Clark C. Havighurst and Barak D. Richman (Duke University School of Law and Duke University School of Law) have posted Distributive Injustice(S) in American Health Care (Law and Contemporary Problems, Vol. 69, No. 4, 2006) on SSRN. Here is the abstract:
This article explores the hypothesis that the U.S. health care system operates more like a robber baron than like Robin Hood, burdening ordinary payers of health insurance premiums disproportionately for the benefit of industry interests and higher-income consumer-taxpayers. Thus, lower- and middle-income Americans with health coverage pay not only for their own families' health care but also to support a vast health care enterprise that primarily benefits others, including many far more affluent than themselves. The system is able to finance itself in part because U.S.-style health insurance greatly amplifies price-gouging opportunities for health care firms with market power, creating a cost burden that falls ultimately on all premium payers equally, like a severely regressive "head tax." Moreover, these same consumers also bear excessive costs for their own health care because, not seeing the costs they bear with any clarity (since the tax system makes those costs appear to fall on their employers rather than themselves), they demand unnecessarily costly coverage and resist efforts to economize - all to the benefit of the health care industry and others with reasons to value high-cost medicine. Lower-income insureds also appear, for several reasons, to get less out of their employers' health plans than their higher-income coworkers, despite paying the same premiums. Finally, insured individuals' lack of cost-consciousness also affects their attitudes and behavior as citizens and as voters, enabling politicians as well as industry interests to make choices on their behalf that systematically raise costs and foreclose economizing possibilities. The burden of excess health care costs and how it is distributed is rarely recognized as the fundamental issue of social justice it is. The purpose of this article is to make the question who pays and who benefits a principal concern of health policymakers.
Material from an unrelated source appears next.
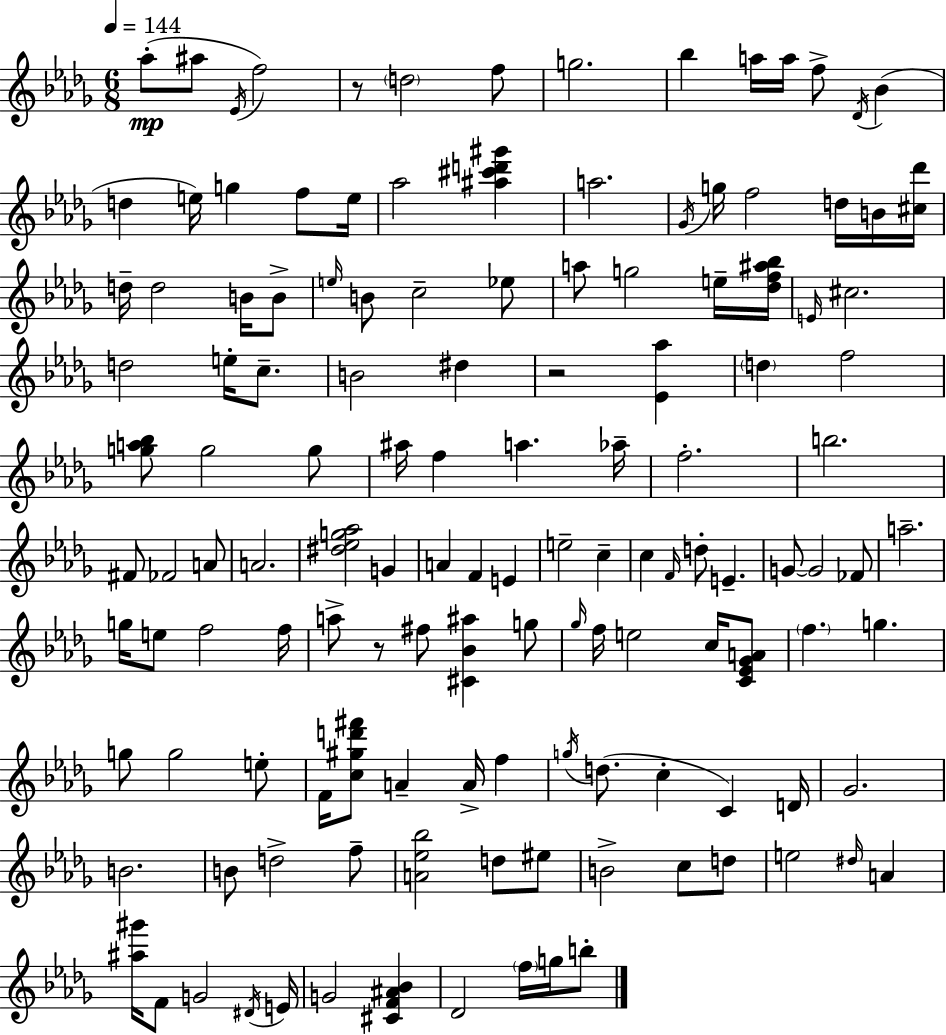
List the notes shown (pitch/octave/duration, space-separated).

Ab5/e A#5/e Eb4/s F5/h R/e D5/h F5/e G5/h. Bb5/q A5/s A5/s F5/e Db4/s Bb4/q D5/q E5/s G5/q F5/e E5/s Ab5/h [A#5,C#6,D6,G#6]/q A5/h. Gb4/s G5/s F5/h D5/s B4/s [C#5,Db6]/s D5/s D5/h B4/s B4/e E5/s B4/e C5/h Eb5/e A5/e G5/h E5/s [Db5,F5,A#5,Bb5]/s E4/s C#5/h. D5/h E5/s C5/e. B4/h D#5/q R/h [Eb4,Ab5]/q D5/q F5/h [G5,A5,Bb5]/e G5/h G5/e A#5/s F5/q A5/q. Ab5/s F5/h. B5/h. F#4/e FES4/h A4/e A4/h. [D#5,Eb5,G5,Ab5]/h G4/q A4/q F4/q E4/q E5/h C5/q C5/q F4/s D5/e E4/q. G4/e G4/h FES4/e A5/h. G5/s E5/e F5/h F5/s A5/e R/e F#5/e [C#4,Bb4,A#5]/q G5/e Gb5/s F5/s E5/h C5/s [C4,Eb4,Gb4,A4]/e F5/q. G5/q. G5/e G5/h E5/e F4/s [C5,G#5,D6,F#6]/e A4/q A4/s F5/q G5/s D5/e. C5/q C4/q D4/s Gb4/h. B4/h. B4/e D5/h F5/e [A4,Eb5,Bb5]/h D5/e EIS5/e B4/h C5/e D5/e E5/h D#5/s A4/q [A#5,G#6]/s F4/e G4/h D#4/s E4/s G4/h [C#4,F4,A#4,Bb4]/q Db4/h F5/s G5/s B5/e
And from the conclusion of the article:
Some readers may think that, in purporting to discern unfairness in the form of “distributive injustice” in American health care, we have entered the domain of philosophy and must prove, rather than simply assume, that one particular distribution of wealth is definitively less just than another. But there should be little disagreement, philosophical or otherwise, with the two main premises of this article: (1) that the burden of paying for public goods such as health care for the uninsured, medical education, and pharmaceutical research should not fall disproportionately on those with less ability to pay and (2) that persons with lower incomes should not be compelled to pay, as part of the price of having any health insurance at all, either for coverage designed by and for elite interests or for health care that is consumed disproportionately by the well-todo. This article has observed many ways in which, under these premises, the U.S. health care system unfairly exploits ordinary payers of health insurance premiums.
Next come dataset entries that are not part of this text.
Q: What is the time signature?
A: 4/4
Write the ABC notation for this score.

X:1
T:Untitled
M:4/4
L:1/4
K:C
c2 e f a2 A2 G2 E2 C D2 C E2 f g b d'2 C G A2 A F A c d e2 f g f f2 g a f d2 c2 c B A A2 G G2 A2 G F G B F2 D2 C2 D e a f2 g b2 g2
Recommended! The question whether the distributive justice issues would encounter "little disagreement" is, I should think, much more complex than the above paragraph suggests. On most accounts distributive justice should be assessed on the relevant criterion holistically (i.e. the division of all the relevant the benefits and burdens of social cooperation should be assessed over whole lives). Only after we have a theory of distributive justice and then assess distributive justice for the system as a whole, could we assess whether the net impact of health care costs and benefits move the system toward or away from the desired state.